# Prince of Persia, Sands of Time



## Dave (Dec 29, 2003)

Sorry, but I don't see a thread on this anywhere here and it is currently the top rated game in the UK. (Christmas 2003)

I've only just bought it today. The gameplay seems excellent, but I've only played for about 30 mins so far, then I had to go to work. I do an excellent backflip technique while fighting, my son goes for the 'matrix style' slashing. We both got stuck in the room with the pillars that you enter through the hole in the wall, (very near the beginning. We haven't met anyone we didn't kill yet!)

So, any cheats (use spoilers)? Any advice, top tips, etc.

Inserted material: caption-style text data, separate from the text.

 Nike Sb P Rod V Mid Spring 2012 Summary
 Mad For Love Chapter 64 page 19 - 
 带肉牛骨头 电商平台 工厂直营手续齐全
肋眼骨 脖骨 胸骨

Someone else must be playing this!


----------



## L. Arkwright (Dec 30, 2003)

Ive just got this for Christmas. I dont know what system you have it for dave, mines for the pc. Its pretty cool but I find the direction controls a bit off putting, I seem to spend most of my time jumping in the completely wrong direction.


----------



## Dave (Dec 30, 2003)

We just got a playstation 2 and it was part of the package. I wasn't absolutely sure that we needed a playstation, since you can get all the same games on PC or gameboy, but the controls are much easier to use for jumping etc. You could always buy a games contoller for your PC. One other good thing about having the playstation is that it frees up the PC so I can get online.


----------



## Quill (Jan 3, 2004)

Sands of Time is a fantastic game.  I've had my copy for over a month and I've played through it _at least_ a dozen times - probably more.  It's the best game I've bought in a very long time, and the only game I started over immediately when the credits stopped rolling.


----------



## Tabitha (Jan 4, 2004)

This and XIII are next on my list of things to buy - I am currently being driven nuts by TimeSplitters 2 (dammit that NeoTokyo level is hard!).

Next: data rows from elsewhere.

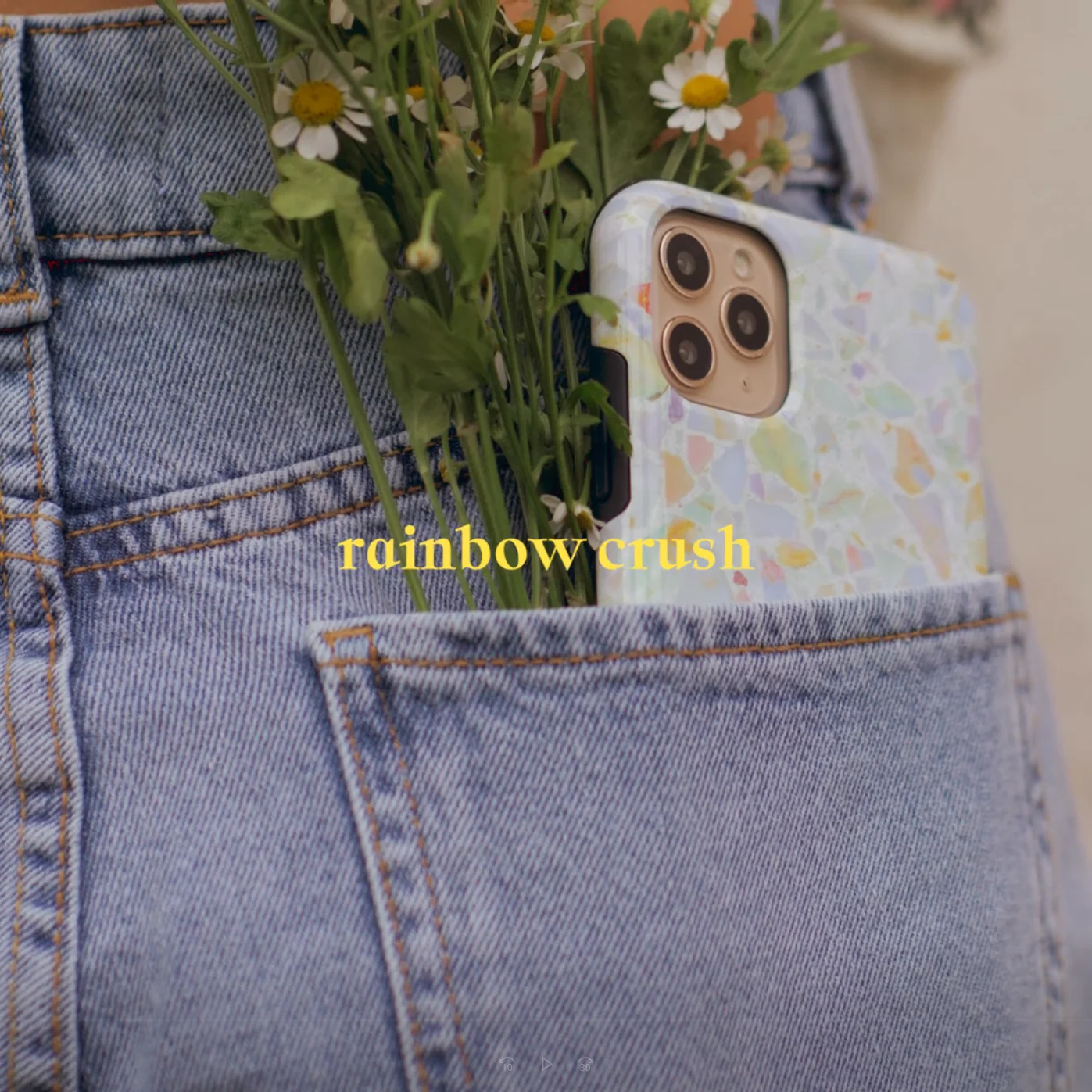 Rainbow Crush - iPhone 17e Case - Image 5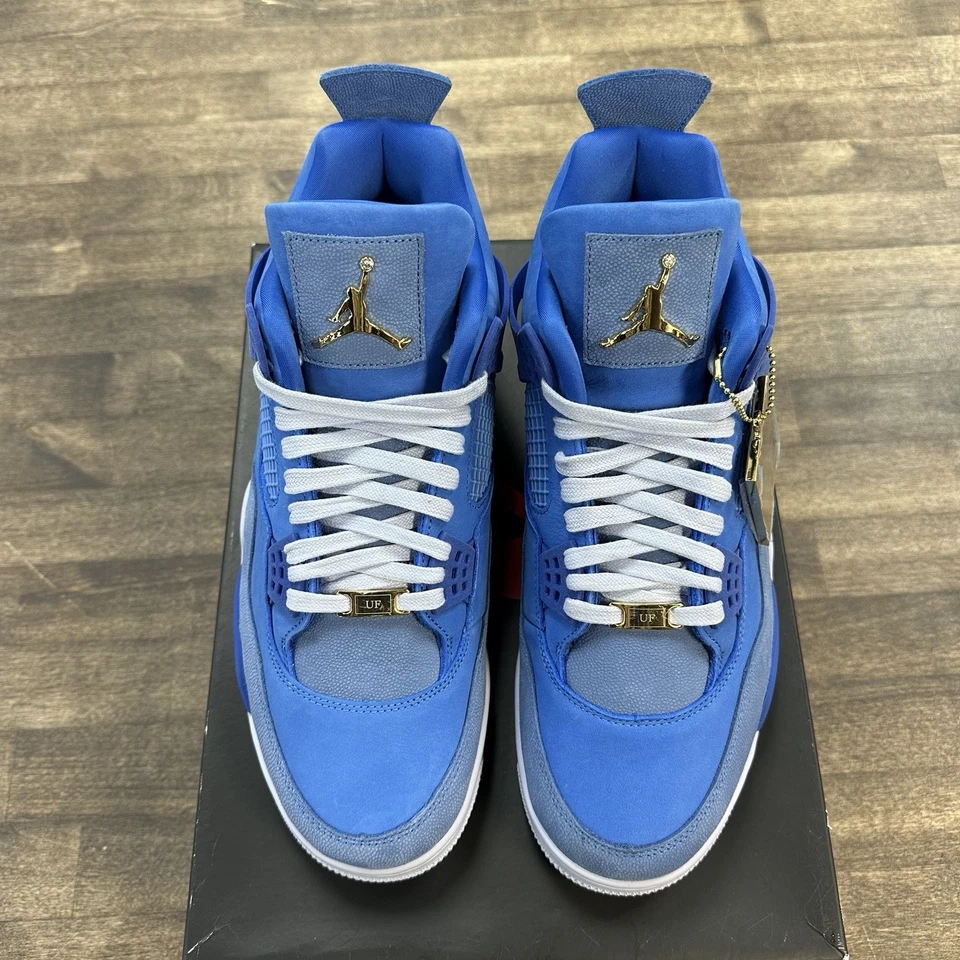 Tamanho 13 - Florida Gators PE Jordan 4 retrô (2025) (NOVO) - Imagem 3 de 4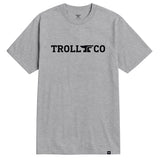 Men's Anvil Locked T-Shirt - Color: Gray Heather
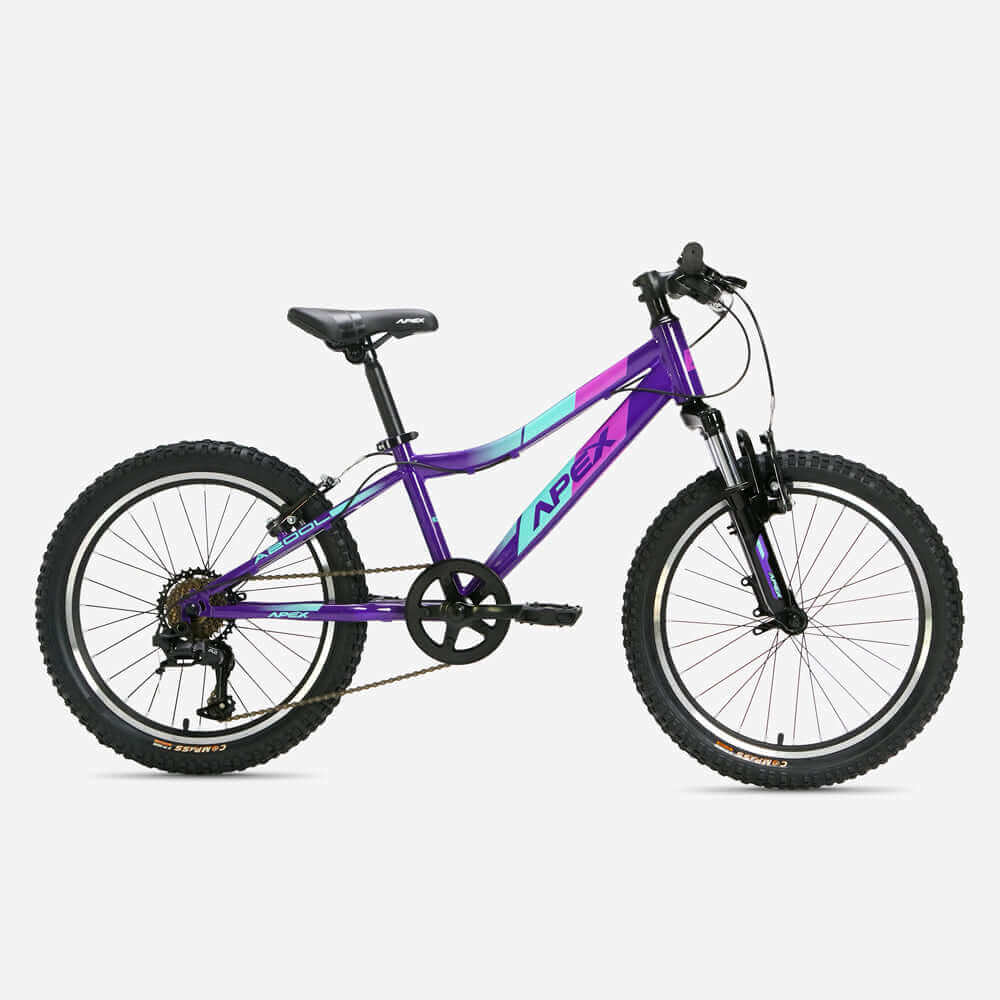Apex 20" Bikes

Did any of you play the old version of this years back on your first PC?  I was totally addicted to it!


----------



## SilverCaladan (Jan 4, 2004)

This game is so kickass, I get an adrenaline rush just thinking about it. The graphics are wonderful, the gameplay is awesome, and if you pay attention to the visions they tell you where to go or what to do ^_^


----------



## Dave (Jan 4, 2004)

I got XIII too. Prince of Persia is far better. Put it top of your list.


----------



## Tabitha (Jan 5, 2004)

I notice that in the big stores like Game, HMV and Virgin, this game is still Â£30+.  I just found it for Â£17.99 on Play.com - think I'll go and order it right now!


----------



## Dave (Mar 5, 2004)

I still can't finish this  

I have a walkthrough, I'm just useless at doing the stunts within the short time you get before the port culis closes.

But I just read this:



> _from SciFi Wire_
> 
> *Bruckheimer Seeking Sands*
> 
> ...


----------



## SilverCaladan (Mar 6, 2004)

Just so long as the movie looks kickass I'm all for it...


----------



## BAYLOR (Jan 22, 2022)

The movie wasn't very good.


----------



## Dave (Feb 10, 2022)

BAYLOR said:


> The movie wasn't very good.


Utterly boring compared with the game. I'd forgotten about playing this. It was 19 years ago though! If I still had it now I could sell it as an antique.


----------



## BAYLOR (Feb 10, 2022)

Dave said:


> Utterly boring compared with the game. I'd forgotten about playing this. It was 19 years ago though! If I still had it now I could sell it as an antique.



If they had actually come up with a good story and script , this one would have become big  movie franchise.  Instead, we got crappy one and done film.


----------



## Toby Frost (Feb 11, 2022)

Still available on Steam, I believe.


----------